Parallèlement, 5% des skills malveillantes installent des backdoors assurant un accès distant persistant à la machine hôte. Une fois activées, ces portes dérobées permettent à un attaquant de contrôler l’agent à distance, de modifier ses comportements ou de l’utiliser comme point d’entrée vers le réseau interne. Ces backdoors restent souvent indétectables car elles se fondent dans le trafic légitime de l’agent.

Risques spécifiques et exemples

Parmi les menaces les plus insidieuses figure le voleur AMOS, un malware ciblant spécifiquement macOS. Déguisé en skill utilitaire, il capture les mots de passe enregistrés, les cookies de session et les portefeuilles de cryptomonnaies stockés sur le poste. Ce type d’attaque est particulièrement dangereux car il exploite la confiance accordée à la marketplace sans éveiller les soupçons.

Enfin, 4% des skills effectuent du minage de cryptomonnaies en arrière-plan. Ces scripts utilisent les ressources CPU de l’ordinateur hôte pour générer des jetons numériques, dégradant discrètement les performances jusqu’à rendre l’agent inutilisable. L’utilisateur constate des ralentissements inexplicables, tandis que le code malveillant continue de tourner tant que l’agent est actif.

Risques organisationnels et chaîne d’approvisionnement

L’intégration d’OpenClaw avec des outils métier comme Slack et SharePoint amplifie les risques : un agent compromis peut diffuser des commandes malveillantes via les API connectées. L’authentification désactivée par défaut expose l’agent directement sur Internet, tandis que les WebSocket sans vérification d’origine ouvrent une porte aux attaquants.

Cette configuration, conjuguée à des permissions OAuth excessives, permet un mouvement latéral rapide au sein du réseau d’entreprise. L’installation non autorisée d’agents sur des appareils professionnels (phénomène de Shadow AI) crée des points d’entrée invisibles pour les équipes de sécurité.

L’exécution autonome de code, combinée à l’accès aux fichiers et aux jetons OAuth, compromet l’ensemble du réseau en quelques minutes. Les attaquants exploitent la confiance implicite accordée aux connexions localhost pour escalader leurs privilèges sans déclencher d’alerte.

Questions fréquentes sur les vulnérabilités d’OpenClaw

Quels sont les risques spécifiques d’OpenClaw ?

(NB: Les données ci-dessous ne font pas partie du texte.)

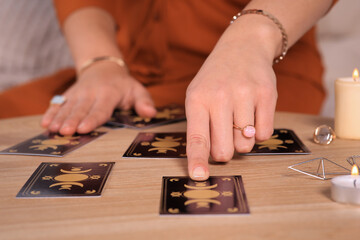Soothsayer predicting future with tarot cards at table indoors, closeup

Les risques spécifiques incluent l’exposition de clés API en clair dans les logs, l’exécution de skills malveillantes capables d’exfiltrer des données, et l’absence d’authentification forte sur les agents déployés, ce qui facilite les attaques par injection de commandes.

Comment détecter une faille de sécurité sur mon agent ?

Surveillez les logs en temps réel pour des appels API suspects, analysez les permissions accordées à chaque skill installée, et utilisez un outil de scan de code pour repérer les secrets exposés dans les fichiers de configuration ou les variables d’environnement.

Quels sont les inconvénients de déployer OpenClaw en entreprise ?

Les principaux inconvénients sont la gestion complexe des secrets, le manque de contrôle centralisé sur les skills installées par les équipes, et les risques de fuite de données sensibles via des canaux non chiffrés ou des permissions trop permissives sur les agents.

OpenClaw est-il sécurisé pour un usage professionnel ?

OpenClaw n’est pas totalement sécurisé par défaut pour un usage professionnel sans mesures correctives. Un déploiement robuste nécessite un chiffrement fort, une gestion stricte des accès, une revue manuelle de chaque skill, et une surveillance continue des logs pour détecter les anomalies.